■ **Excerpted records**
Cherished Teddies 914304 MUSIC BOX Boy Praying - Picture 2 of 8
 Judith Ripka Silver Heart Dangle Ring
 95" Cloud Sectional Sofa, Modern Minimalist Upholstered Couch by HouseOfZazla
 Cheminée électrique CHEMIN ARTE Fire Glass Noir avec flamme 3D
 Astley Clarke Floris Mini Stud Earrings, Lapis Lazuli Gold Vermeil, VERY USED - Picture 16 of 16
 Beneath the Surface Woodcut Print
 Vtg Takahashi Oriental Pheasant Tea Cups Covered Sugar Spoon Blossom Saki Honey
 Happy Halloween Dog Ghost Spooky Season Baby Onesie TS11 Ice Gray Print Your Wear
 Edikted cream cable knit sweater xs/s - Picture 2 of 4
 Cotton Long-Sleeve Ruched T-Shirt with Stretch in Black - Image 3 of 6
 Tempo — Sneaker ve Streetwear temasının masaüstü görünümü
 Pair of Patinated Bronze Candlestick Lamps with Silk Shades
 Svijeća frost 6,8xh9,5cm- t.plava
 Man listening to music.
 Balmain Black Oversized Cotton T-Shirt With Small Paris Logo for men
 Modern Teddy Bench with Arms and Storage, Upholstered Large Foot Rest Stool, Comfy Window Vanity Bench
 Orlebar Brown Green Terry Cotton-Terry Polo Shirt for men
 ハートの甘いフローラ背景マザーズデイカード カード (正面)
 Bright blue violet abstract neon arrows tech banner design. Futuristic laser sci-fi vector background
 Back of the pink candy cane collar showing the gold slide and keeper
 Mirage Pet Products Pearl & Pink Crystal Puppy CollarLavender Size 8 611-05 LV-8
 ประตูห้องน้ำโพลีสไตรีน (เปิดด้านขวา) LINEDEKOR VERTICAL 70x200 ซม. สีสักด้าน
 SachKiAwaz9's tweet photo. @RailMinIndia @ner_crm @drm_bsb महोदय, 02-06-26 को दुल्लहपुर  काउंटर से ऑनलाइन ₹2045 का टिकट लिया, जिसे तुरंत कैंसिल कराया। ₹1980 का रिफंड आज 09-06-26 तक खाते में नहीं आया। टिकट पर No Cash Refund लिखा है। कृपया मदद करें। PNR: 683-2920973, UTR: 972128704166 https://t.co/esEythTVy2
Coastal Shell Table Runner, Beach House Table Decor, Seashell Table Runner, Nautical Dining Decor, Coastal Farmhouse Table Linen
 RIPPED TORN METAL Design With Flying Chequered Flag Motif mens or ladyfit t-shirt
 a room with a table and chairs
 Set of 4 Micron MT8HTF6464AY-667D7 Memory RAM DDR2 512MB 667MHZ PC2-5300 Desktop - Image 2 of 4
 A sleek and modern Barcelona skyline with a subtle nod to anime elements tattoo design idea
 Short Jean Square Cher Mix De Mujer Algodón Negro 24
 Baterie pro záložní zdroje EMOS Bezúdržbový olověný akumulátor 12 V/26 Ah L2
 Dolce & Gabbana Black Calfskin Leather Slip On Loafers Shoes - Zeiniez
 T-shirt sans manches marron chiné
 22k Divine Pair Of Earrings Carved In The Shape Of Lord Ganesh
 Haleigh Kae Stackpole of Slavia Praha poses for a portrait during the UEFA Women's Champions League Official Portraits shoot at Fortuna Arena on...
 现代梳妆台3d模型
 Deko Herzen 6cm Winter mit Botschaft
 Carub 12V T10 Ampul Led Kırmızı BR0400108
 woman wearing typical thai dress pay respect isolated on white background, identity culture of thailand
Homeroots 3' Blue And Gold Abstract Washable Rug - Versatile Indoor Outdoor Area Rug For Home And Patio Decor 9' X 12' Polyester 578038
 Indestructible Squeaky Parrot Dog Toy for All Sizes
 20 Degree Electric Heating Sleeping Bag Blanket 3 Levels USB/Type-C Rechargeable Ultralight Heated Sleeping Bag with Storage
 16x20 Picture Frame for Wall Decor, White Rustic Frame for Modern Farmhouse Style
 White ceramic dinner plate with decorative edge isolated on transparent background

■ **Task instructions**
Everything above from the line containing "Couch by HouseOfZazla" down to the line containing "ハートの甘いフローラ背景マザーズデイカード カード (正面)" is to be transcribed exactly, with both of those lines included and nothing else added.

■ **Result of this exercise**
 95" Cloud Sectional Sofa, Modern Minimalist Upholstered Couch by HouseOfZazla
 Cheminée électrique CHEMIN ARTE Fire Glass Noir avec flamme 3D
 Astley Clarke Floris Mini Stud Earrings, Lapis Lazuli Gold Vermeil, VERY USED - Picture 16 of 16
 Beneath the Surface Woodcut Print
 Vtg Takahashi Oriental Pheasant Tea Cups Covered Sugar Spoon Blossom Saki Honey
 Happy Halloween Dog Ghost Spooky Season Baby Onesie TS11 Ice Gray Print Your Wear
 Edikted cream cable knit sweater xs/s - Picture 2 of 4
 Cotton Long-Sleeve Ruched T-Shirt with Stretch in Black - Image 3 of 6
 Tempo — Sneaker ve Streetwear temasının masaüstü görünümü
 Pair of Patinated Bronze Candlestick Lamps with Silk Shades
 Svijeća frost 6,8xh9,5cm- t.plava
 Man listening to music.
 Balmain Black Oversized Cotton T-Shirt With Small Paris Logo for men
 Modern Teddy Bench with Arms and Storage, Upholstered Large Foot Rest Stool, Comfy Window Vanity Bench
 Orlebar Brown Green Terry Cotton-Terry Polo Shirt for men
 ハートの甘いフローラ背景マザーズデイカード カード (正面)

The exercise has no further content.